Some pundits have interpreted TBD’s demise as proof that you can’t make money in hyperlocal journalism, but I think that’s nonsense.
For starters, TBD — like The Bay Citizen — was not in fact a hyperlocal site at all, but rather a metro news site in a large city. A big metro site is actually a regional operation, not a hyperlocal or even a local one. You have the city. You have the suburbs. You have the exurban business centers. The challenge is not to cover every bit of routine community news and engender conversation around it, as a true hyperlocal does, but rather to figure out what kinds of stories and events resonate on a regional level and draw out the elements that make them relevant beyond the immediate neighborhood.
This is a particularly complicated issue in the Bay Area, which encompasses three major cities and whose notional “center” — San Francisco — is not home to most of the population. But covering a sprawling metropolis like Washington presents many of the same challenges. Hyperlocal coverage is, at most, a subset of the broader mission, and thus TBD’s experience doesn’t really speak to the hyperlocal question at all.
Second, the trajectory of TBD suggests that its shutdown had little to do with its accomplishments, or lack thereof, and everything to do with internal issues at the parent company, Allbritton Communications. The site posted solid traffic numbers, reaching 700,000 unique visitors per month after just six months, according to Compete.com (and more than double that according to internal figures cited by the Washington Post). If those numbers were below plan, the planners must have been smoking something.
Ad sales apparently were not going very well, but that’s not much of a surprise either. It takes time for any new media property to establish credibility with advertisers, and TBD was also trying to sell into a large network of affiliated local blogs. That’s not easy; it requires specific sales skills and a lot of persistence. The fact that TBD had to rely on the sales staff of its TV station partners made this even more difficult, because old-media salespeople have little incentive to understand and sell comparatively inexpensive (and complicated) Internet ad campaigns.
I’m sure TBD was losing lots of money — as anyone with even passing knowledge of the business would have expected to be the case at the outset. Allbritton initially said it was giving TBD three to five years to reach profitability. Maybe it was losing even more than planned, and Allbritton got cold feet. Or maybe Allbritton’s other businesses, which include the political website Politico in addition to eight TV stations, were not throwing off as much cash as expected over the past couple of quarters.
Or perhaps the TV station brass at Allbritton just didn’t really see the point of this resource-draining startup, when that money might have been poured into their own online operations. (And in fact some TBD staffers will be moving to a revived WJLA website). You'd think the war between old media and new media would be over by now, especially at a company like Allbritton that already has a very successful Web startup. But it isn't.

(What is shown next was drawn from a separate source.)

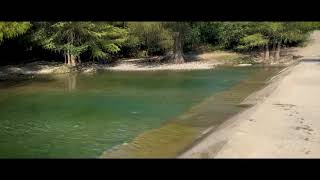 Recorriendo Ejido el Azteca | Tamaulipas.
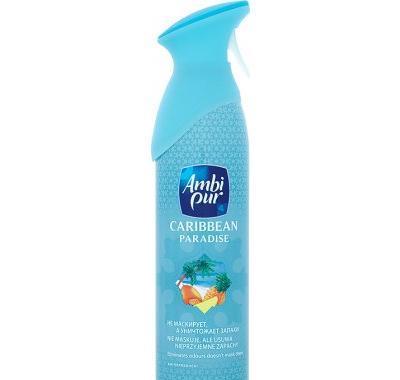 Ambi Pur spray Carab. Parad. 300ml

As John Paton, CEO of the Journal Register Company, pointed out in a pungent blog post, this is not so much a case of TBD failing as of Allbritton backing out of a brave experiment. The company is certainly entitled to change course — but it doesn’t leave a whole lot of lessons for the rest of us.
The Bay Citizen is an experiment too, and a very different one from TBD. We’re a nonprofit, we don’t sell traditional online advertising, and our editorial approach leans more towards enterprise journalism than up-to-the-minute breaking news. But like TBD, we definitely need time to prove it out. Happily, we’ve already raised enough money to assure at least a few years of runway — and whatever the merits of hyperlocal, we’re confident that regional metro journalism has a bright future in one form or another.